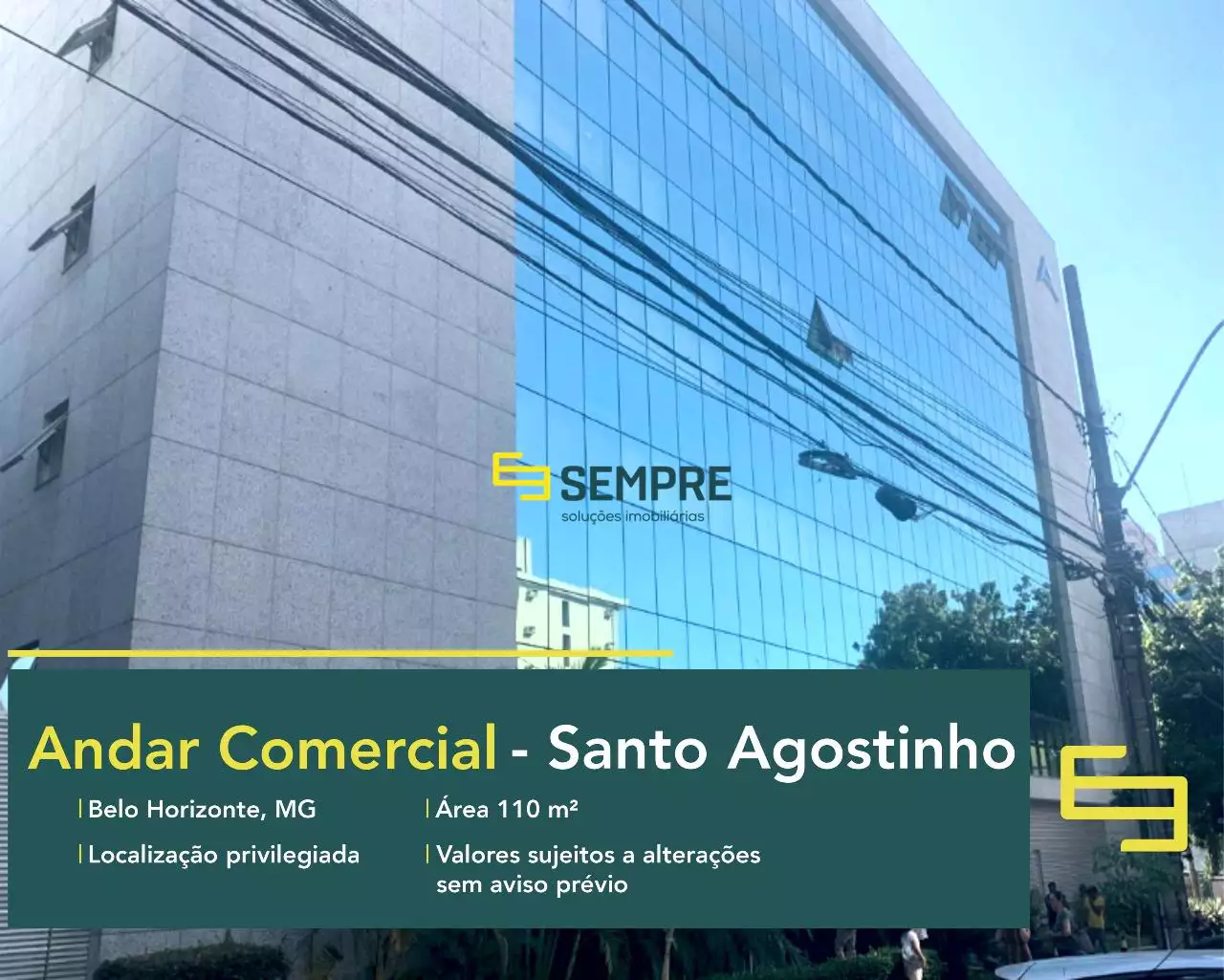 Sala comercial duplex para alugar no Santo Agostinho em BH, em excelente localização. O estabelecimento comercial conta com área de 110 m².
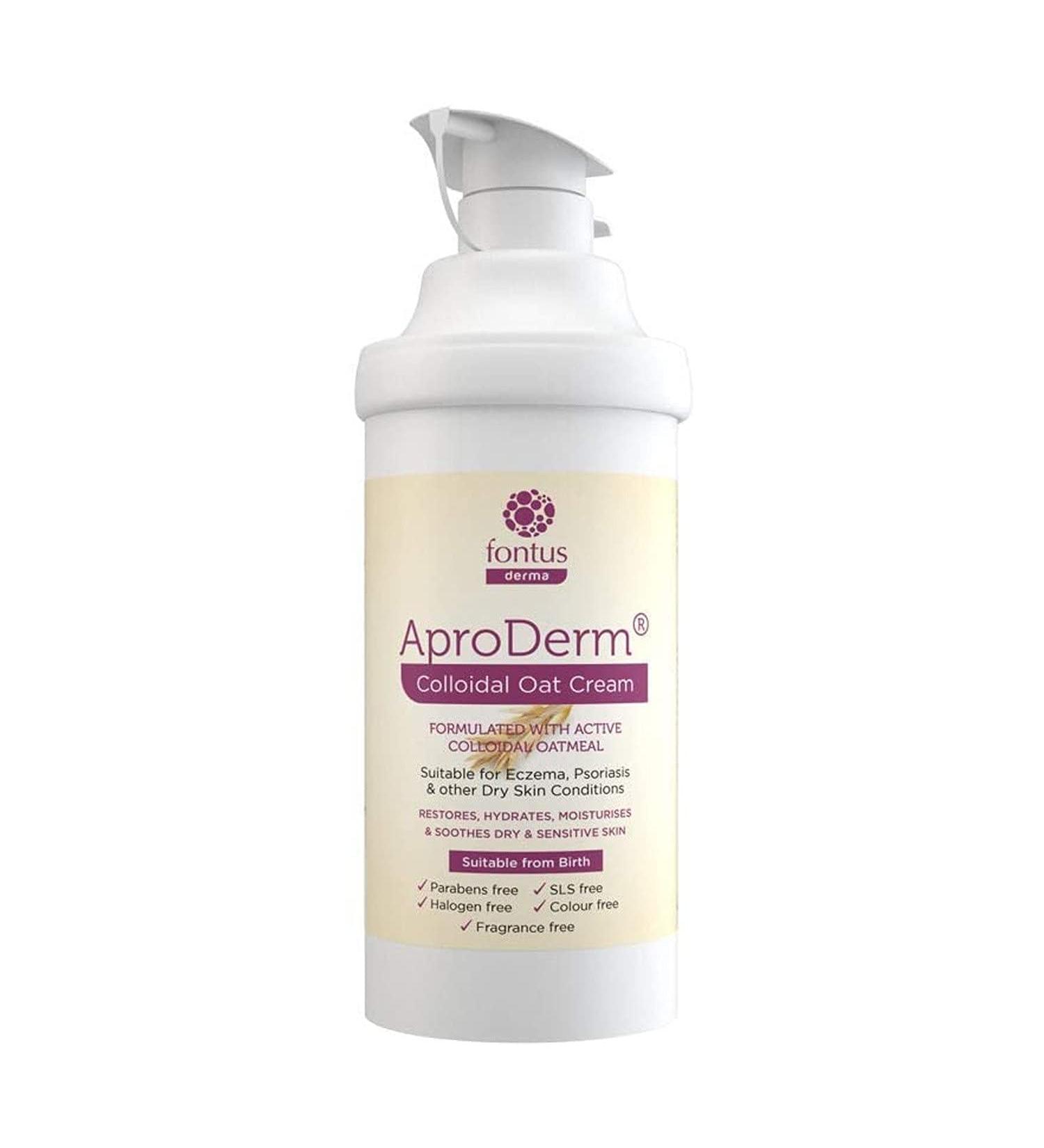 Aproderm Colloidal Oat Cream - 500ml pump - Paraffin Free Cream - Suitable for dry skin eczema and psoriasis single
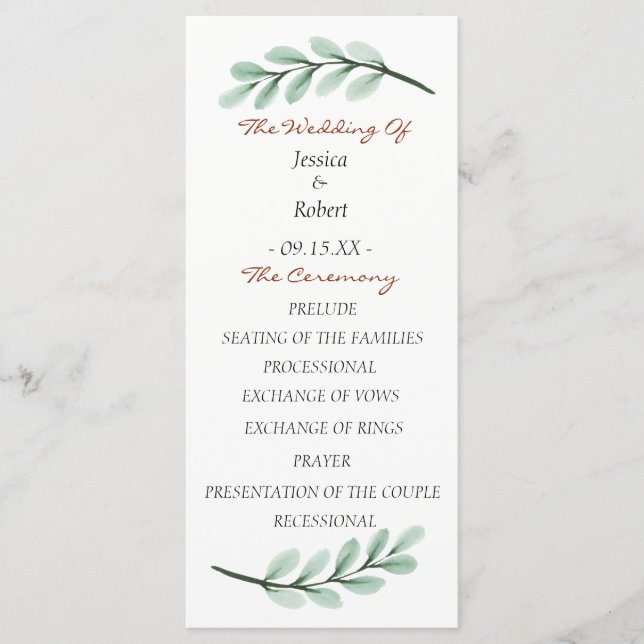 Eucalyptus Branch Wedding Program Programme (Front)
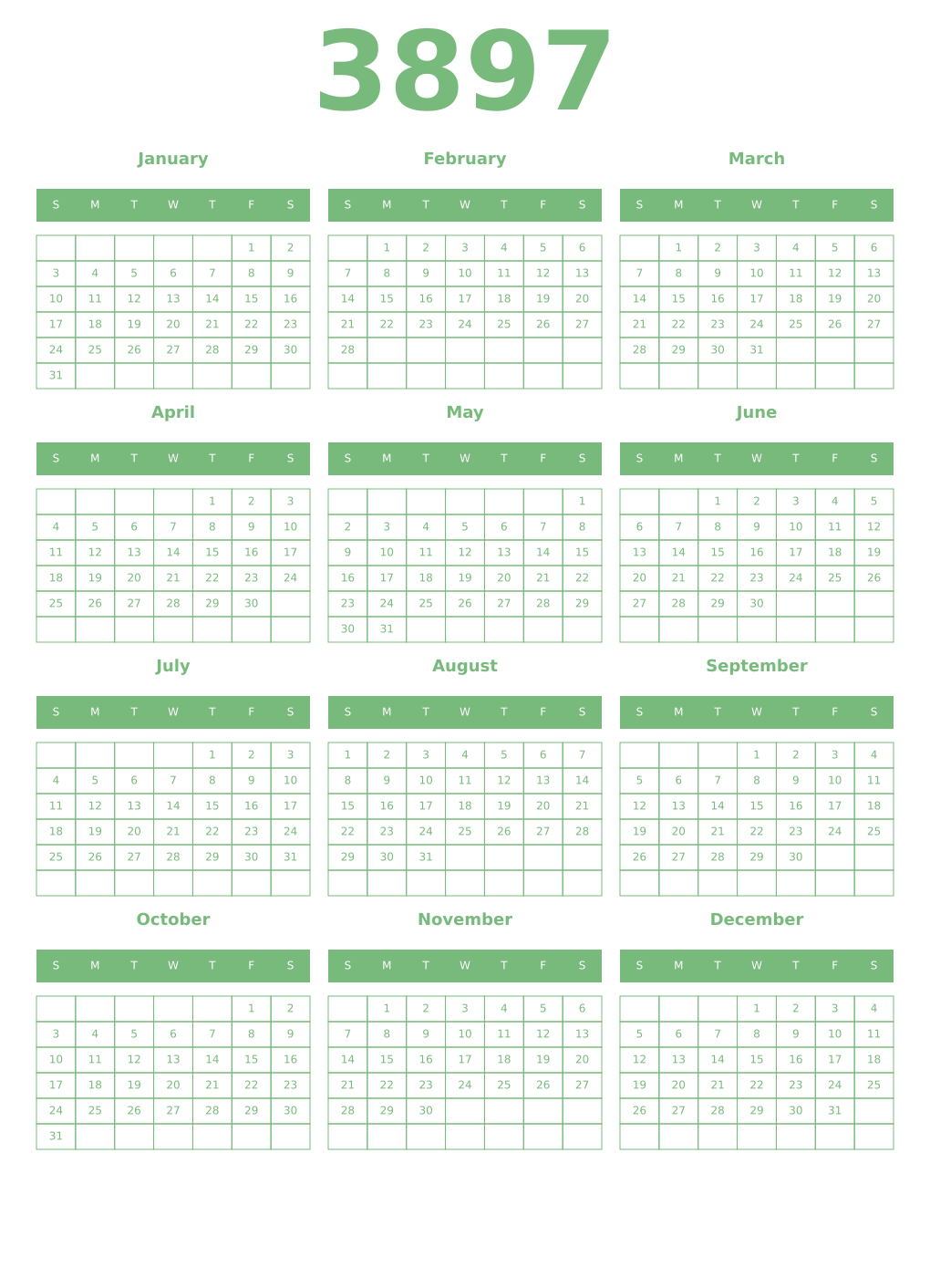 Printable 3897 Year Calendars celadon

▶ _Required work_: The full listing, reproduced exactly and without pictures, is the expected output.

▶ _Answer space_:
 Sala comercial duplex para alugar no Santo Agostinho em BH, em excelente localização. O estabelecimento comercial conta com área de 110 m².
 Aproderm Colloidal Oat Cream - 500ml pump - Paraffin Free Cream - Suitable for dry skin eczema and psoriasis single
 Eucalyptus Branch Wedding Program Programme (Front)
 Printable 3897 Year Calendars celadon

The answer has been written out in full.